这位面如死灰的盖亚亚裔士兵,从喉咙里发出干涩的声响,显然他已经快死了,在他模糊不清的眼前是一个柏拉图军事贵族的白人少年的身影。
“谢谢……”这位垂死的士兵很轻地用盖亚语说了一句话,就头朝一边垂落,咽气了。
这是他第一次听到这种古怪的语言,他的心颤动了。
后来他一直在菲的图书馆里学习这种古老的语言,只是因为一句话。
谢谢。
他来得太晚,自然一个人也没能救活。
“卡尔基!你在干什么?!”
大团长威严的声音在他背后响起,少年停顿了一下。
金发少年转过身,身上侍童制服上都是血迹,手里拿着止血仪器,上面也沾满了血迹,不用再说什么,一切都清楚。
弗栗多走上来,二话不说,朝少年狠狠地伸出大手,“啪”一声清脆的耳光声,回响在黑暗之中。
“狼崽子在幼年时期和狗仔一样可爱。”弗栗多低沉地说道,“但一旦长大,他父亲给他那被诅咒的鲜血,就会赐予他嗜血冷酷的牙齿和利爪。”
卡尔基天生身体坚强如岩石,这记重击只能让他略微侧过脸,手里的仪器滚落在地上。
“卡尔基!”伐楼那赶紧过来照顾他,“快点把头抬起来!你流鼻血了!”
“大团长,你无权体罚卡尔基,这是违反规定的!”浅金色头发的伐楼那用靛青色的眼睛盯着比自己高大得多的弗栗多,显示出坚定果敢的气质来,“你可以不满意我们的服务,把我们退回,但不能打人!”
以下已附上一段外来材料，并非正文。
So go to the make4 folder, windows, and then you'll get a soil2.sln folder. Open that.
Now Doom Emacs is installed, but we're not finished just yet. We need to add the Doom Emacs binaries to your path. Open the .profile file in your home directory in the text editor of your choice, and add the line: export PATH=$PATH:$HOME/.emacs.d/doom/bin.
“卡尔基,我带你去找医疗兵。”伐楼那扶着他,慢慢地走了。
“我总觉得大团长……他认为我以后会变成一个恶魔。”卡尔基用手一抹鼻子,血流得到处都是,到处是血腥味。
“如果我未来成为大团长,我绝对不要像他一样。卡尔基,你也这样想吗?”伐楼那认真地看着朋友一侧被打肿的脸,以及一脸的鼻血,“答应我,如果未来你有机会成为大团长,绝对不要像弗栗多这样,对待弱小如此残忍!”
他还记得伐楼那坚决的口气,超乎他年龄的成熟,如果说卡尔基的灵魂是一位英勇的骑士,那伐楼那内心居住着一位公正的国王。
然而,宅心仁厚的伐楼那25岁就死了,他没有能成为大团长,甚至没能当成执事,他在战场上杀的人太少了。成为大团长的是卡尔基,一样杀人如麻,甚至一样冷酷无情。
站在梅西耶尸横遍野的处决现场,弗栗多大团长的预见似乎成真。
善能生出更多的善,恶能生出更多的恶。他当然懂这个道理,上任大团长的第一件事他就废除了所有的严酷体罚。